---
title: "R Notebook"
output: html_notebook
author: "Martin Shepperd"
date: 03/09/2020
---
# Make some charts from Data Scientist Need to Know Skills
This is R Notebook for Week1 of CS5702 (Modern Data).
As a simplification I only use base R, rather than ggplot.
First we need to reproduce the data, since the original article ["What are the In-Demand Skills for Data Scientists in 2020?"] (https://towardsdatascience.com/what-are-the-in-demand-skills-for-data-scientists-in-2020-a060b7f31b11), doesn't provide the raw observations. I extracted the percentages from the text / chart.
```{r}
# Reproduce the data
percent <- c(62,40,39,21,20,20,19,16,15,13)
skill <- c("Python","SQL","R","Spark","Cloud","AWS","Java","TensorFlow","Hadoop","SAS")
```
Now we have the data let's try to create some graphical representations.
```{r}
# Ugly visualisation of the data
pie(percent, main="Pie chart of in demand Data Scientist skills", labels=skill)
```
This pie chart has a number of disadvantages. Can you think what some of them might be?

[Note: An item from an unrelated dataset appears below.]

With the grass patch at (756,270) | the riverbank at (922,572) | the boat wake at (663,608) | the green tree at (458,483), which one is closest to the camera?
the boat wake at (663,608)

As an alternative I now create a bar chart.
```{r}
# Creating a bar chart with Base R
barplot(percent,
main="Bar chart of in-demand Data Scientist skills (Jan 2020)",
sub = "Source: https://j.mp/2Ga8CD1",
ylab="Percentage of listings that mention skill",
names.arg=skill,
cex.names = 0.6, # Shrinks text size so fits on x-axis
col="darkolivegreen", # Colour for bar chart boxes
density=c(100, 50, 100, 50, 50, 50, 50, 50, 50, 50)) # Shades Python and R in a darker colour
```
Hopefully you consider this to be an improvement, but it's not perfect. Can you think of any further improvements or clarifications?